Setelahnya, saya mendapat pesan yang cukup mengagetkan, bahwa mereka memilih untuk mencoba menggunakan gawang dengan bambu, sehingga uang yang saya titipkan tidak akan dipakai. Mereka membuat rencana sendiri untuk bertemu di hari Kamis dan mengerjakannya bersama-sama. Tidak mudah untuk sampai di titik pengerjaan tersebut. Valen, orang yang paling bersemangat untuk menjalankan rencana-rencana ini, sempat menyampaikan frustrasinya karena ada saja hambatan-hambatan yang membuat teman-temannya kerap kali mengganti waktu untuk bekerja bersama. Akhirnya, pada tanggal 23 Januari 2025, mereka menggali lubang di tanah untuk tempat ditanamnya gawang, lalu juga membuat gawang dari bambu tersebut. Gawang tersebut berdiri dan siap untuk digunakan.

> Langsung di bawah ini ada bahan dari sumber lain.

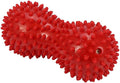 Spiky Massage Ball Peanut Massager Ball Fitness Exercise Mobility Peanut Ball Pain Muscle Steess Foot Myofascial Relief for Plantar Fasciitis Heel Foot Arch Pain (red)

Minggu berikutnya, libur seminggu karena Isra Miraj dan Imlek sehingga teman-teman belum dapat mengajak anak-anak SD untuk menggunakan gawang tersebut. Seminggu selanjutnya lagi, saya mendapat kabar bahwa teman-teman sedang mutung karena gawang yang mereka buat itu hilang karena dicopot Kang Waryo, seorang yang berjaga di SALAM, dengan alasan bahwa gawang tersebut dimainkan oleh anak-anak kampung di hari libur. Valen kembali menyampaikan bahwa ia hampir putus asa untuk membuat gawang dan liga ini. Namun, teman-teman yang lain justru yang berinisiatif menyarankan untuk membuat gawang dari besi. Mereka sudah berdiskusi dengan Pak Yulek tentang bentuk rancangannya, serta berniat untuk mencari bahan-bahannya. Mereka taksir bahwa harganya sekitar 500 ribu. Karena awalnya saya menyetujui di harga 300 ribu, saya menanyakan kepada mereka tentang dari mana angka-angka itu muncul, serta bagaimana perbandingannya dengan gawang dari bahan paralon. Keesokannya, kami berkumpul dan mereka menceritakan gambaran tersebut dan keuntungannya bahwa gawang tersebut akan lebih tahan lama. Saya mengiyakan dengan memberi syarat bahwa kita perlu memikirkan tentang perawatan dan penyimpanan gawang tersebut agar tidak rusak maupun hilang.
Pada tanggal 27 Februari, teman-teman kembali mulai bekerja dengan bantuan Pak Yulek. Pertama-tama, mereka membuat slot untuk gawang yang ditanam di dalam tanah. Mereka menanam pipa dan diberikan penutup agar kemudian bisa disamarkan dengan menaruh tanah di atasnya. Desain semacam ini penting karena menghindari lubang slot tersebut mudah ditemukan oleh anak-anak yang kemudian dibuka untuk dimasukkan berbagai macam barang sehingga tidak dapat berfungsi lagi sebagai slot gawang. Setelah berhasil menggali dan menanam 4 lubang untuk 2 gawang, hari tersebut usai. Rencananya, mereka akan mencari besi di toko rongsok di keesokan harinya. Mereka juga menyampaikan bahwa uang modal di awal masih tersisa.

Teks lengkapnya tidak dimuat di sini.